1.11.3. Role of the French-language services coordinators
Section 13 of the French Language Services Act does not say much about the roles and functions of the French-language services coordinators. It requires that a French-language services coordinator be appointed in each ministry. It also states that the Office of Francophone Affairs will coordinate a committee made up of all the coordinators. In addition, it gives each French-language services coordinator the authority to communicate directly with his/her deputy minister. Since 2007, the Commissioner has tried to point out the discrepancies in the roles of the coordinators who have held office over the years. He is revisiting the matter in 2016 with a view to return to a strict application of the Act.
When the Act came into force in 1989, the coordinator positions were classified at a high level because the incumbents had to have direct access to their deputy ministers. The way the Act is worded suggests that that role was supposed to be proactive and influential. Over time, however, the status of most coordinators has changed, and they no longer have access to their deputy ministers. In many cases, their role has become reactive, as the lack of resources and staff does not facilitate their participation in the initial policy and program development process. Although they are responsible for responding to complaints forwarded by the Commissioner’s Office, that intervention often occurs too late in those processes.

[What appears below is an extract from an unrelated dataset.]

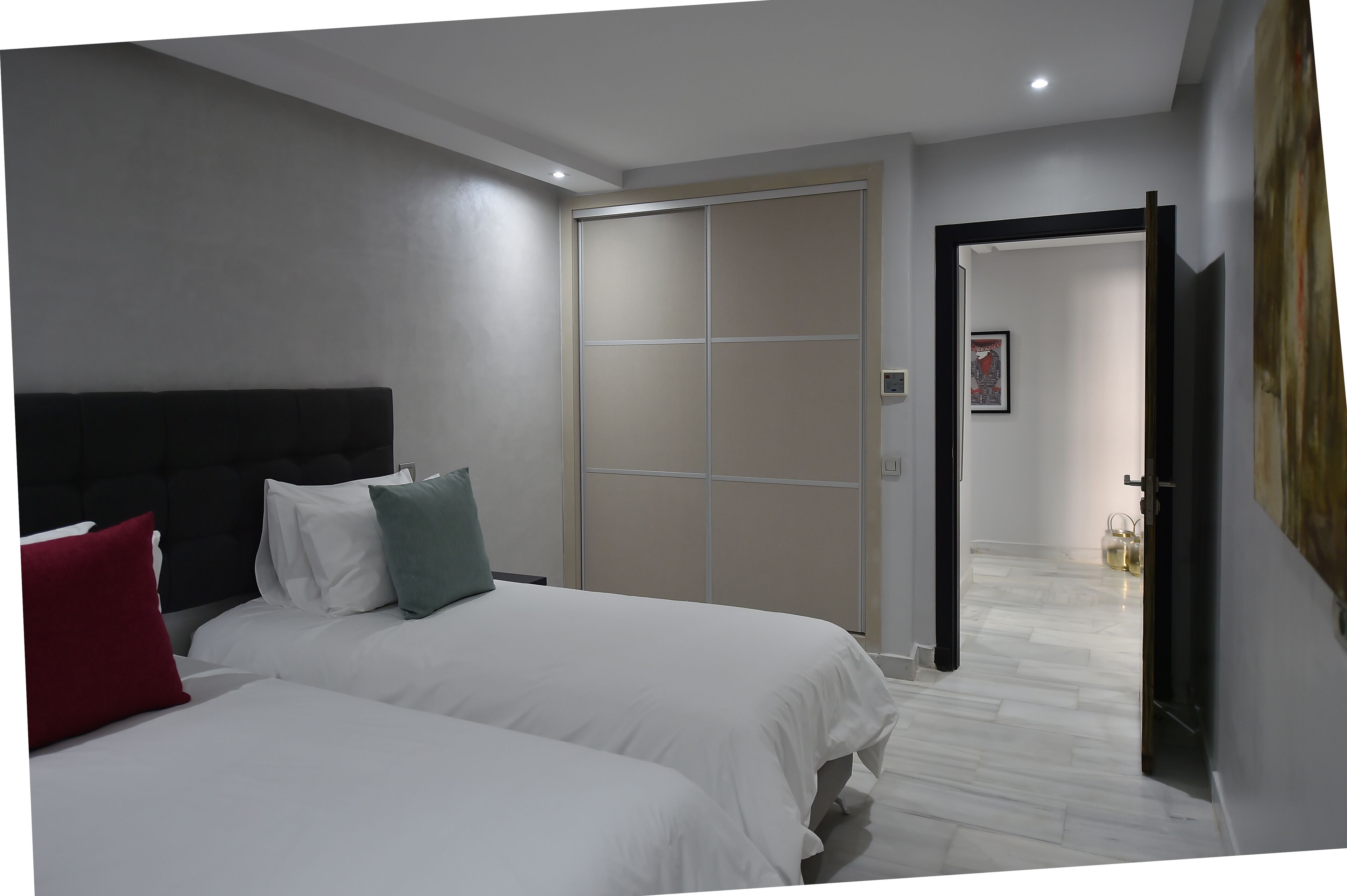 A bedroom with two beds, a sliding door closet, and a hallway leading to another room.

An outside evaluation of the structure of French-language services in the public service was conducted by a private firm in 2004. It indicated that the coordinator role should involve such matters as integration of the Act into the ministry’s operations and service delivery processes, including short- and long-term strategic planning, consultation on policy development, facilitation of oversight, problem-solving, liaison and communications, education and community relations. Although it seems clear that the coordinators are supposed to play a central role in the apparatus of government, we see that all too often, they are “stuck” between the ministry or ministries and the Office of Francophone Affairs, i.e., between a rock and a hard place.
Since the introduction of a new structure consisting of groups of ministries in 2009, several ministries have shared the same French-language services coordinator.

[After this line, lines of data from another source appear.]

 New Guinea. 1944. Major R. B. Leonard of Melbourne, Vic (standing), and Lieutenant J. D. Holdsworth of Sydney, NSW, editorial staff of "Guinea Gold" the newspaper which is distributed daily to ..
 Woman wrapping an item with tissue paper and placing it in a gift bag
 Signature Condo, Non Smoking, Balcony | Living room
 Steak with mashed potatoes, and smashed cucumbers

The new French-language services (FLS) coordination structure implemented in 2009 added three new clusters to two existing teams (Justice and Health) that were organizationally sound and focussed on serving two ministries each. The three new clusters, on the other hand, were created by transferring existing resources from the ministries forming the clusters, with the recognition that these resources were not sufficient and that additional resources would be sought. Seven years later, the FLS Clusters continue to serve up to eight ministries each without additional resources. Meanwhile, the level of requests for information and the number of new initiatives has grown steadily, putting even more pressure on the existing resources. Although the cluster model has reduced the isolation of the FLS coordinators, and provided access to the support of colleagues and a dedicated manager, the cluster would strongly benefit from a more robust infrastructure and additional cluster resources.

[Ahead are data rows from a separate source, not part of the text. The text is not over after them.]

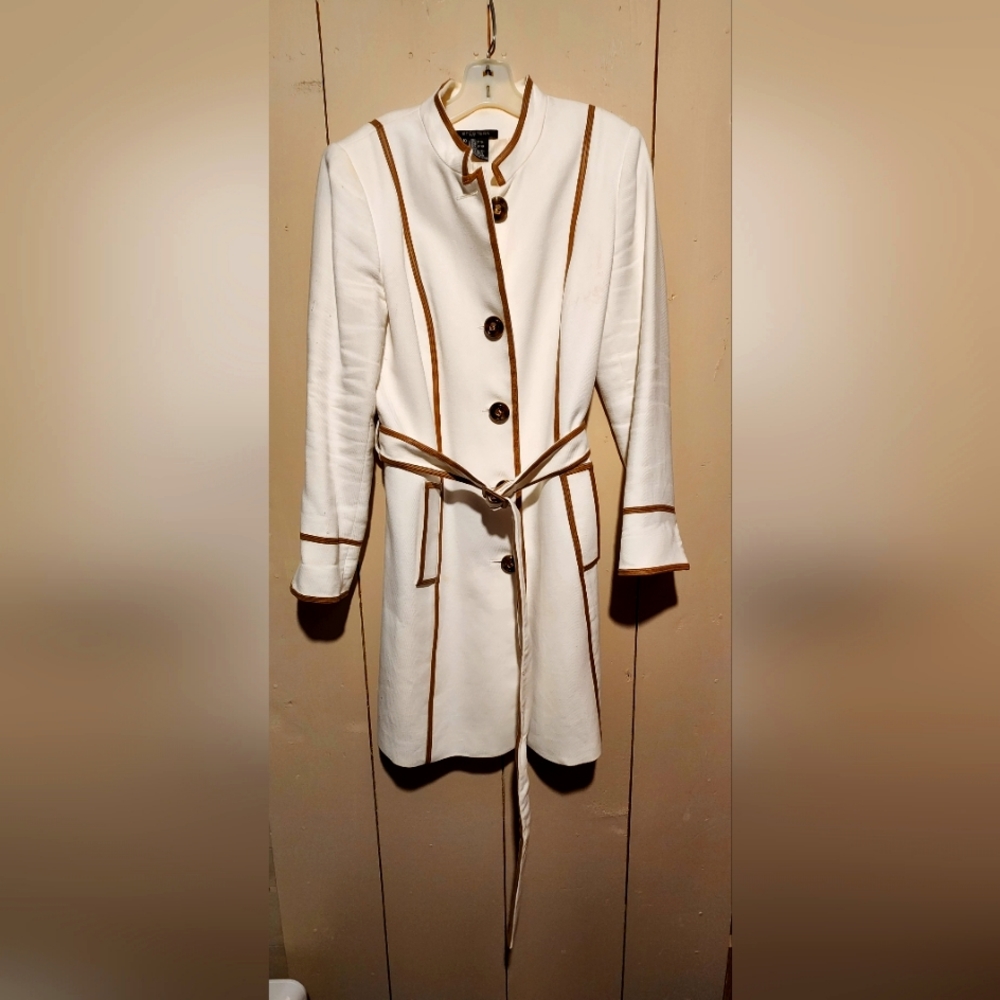 Cream jacket with tan trim. Thigh length.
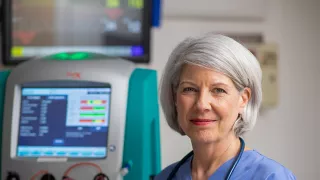 Healthare professional in front of the Prismaflex System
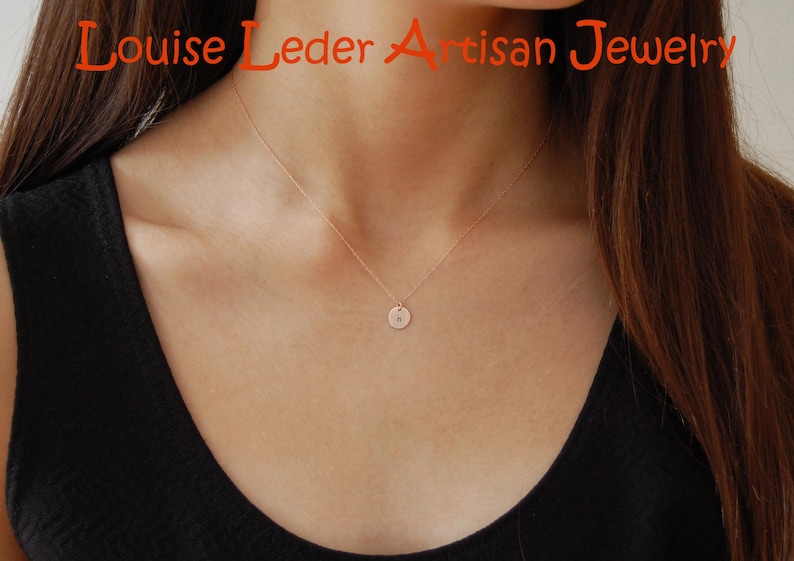 May include: A delicate rose gold necklace featuring a small, circular pendant with a single engraved letter. The text Louise Leder Artisan Jewelry is displayed in orange at the top of the image. The necklace rests against a black sleeveless top.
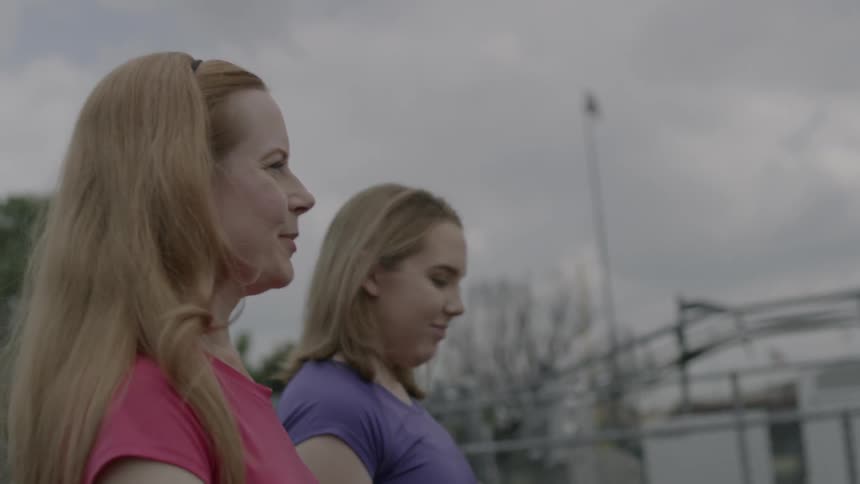 Two women walk outside on a cloudy day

The Commissioner is aware that many government initiatives are launched without any involvement by the coordinators from the outset. Unless a coordinator is high enough in a ministry’s organizational hierarchy, which is rare, he/she will have very little influence over the development of the ministry’s policies and programs. Since decisions are made in advance and not after the fact, this structure does not benefit Francophones.
However, it was clear that the lawmakers’ original intent was to ensure that the coordinators would have direct access to their respective deputy ministers so that they could facilitate this work of designing, planning, coordinating and monitoring the various ministry initiatives. Yet, the perception of the real role of the French-language services coordinators is no longer what it was supposed to be. The coordinators are still associated with “a translation or interpretation service” within their ministry. For those who do not have access to their deputy ministers, their role is often limited to putting out fires and resolving complaints. As a result, in 2011-2012, the Commissioner recommended that an independent, interministerial evaluation be conducted of the government structures and processes concerned with the implementation of French-language services within the government. In response, the government indicated that the Office of Francophone Affairs had issued a request for proposals from consultants capable of carrying out such an evaluation. Five years later, the Commissioner would like to know the results of that evaluation, compelling as they may be.
The idea is to go back to where we started. The work of the French-language services coordinators must be to support deputy ministers. The Act is clear in this regard, authorizing them to communicate directly with their deputy minister. The issue is accountability for the planning of French-language services.
The Commissioner is emphatic on this point: the coordinators must play a key role in the government. They must identify the priorities of their government ministries or agencies based on the development and growth needs of the province’s Francophone communities. It is important for them to be able to develop a process for consulting the Francophone communities and to prepare plans for French-language services based on stated needs. They must have a quasi-organic relationship with the Office of Francophone Affairs and the Advisory Council on Francophone Affairs. In short, their role is to ensure that ministries and other government agencies work in advance rather than after the fact, and that eventually, the much-advocated “Francophone reflex” is well honed within the ministries.
To this end, the Commissioner recommends to the Minister Responsible for Francophone Affairs that the role of the French-language services coordinators be clearly redefined, with a view to empowering them, in a revised French Language Services Act, so that they may play an influential and strategic role in the design and development of all programs and services that government ministries and agencies intend to initiate.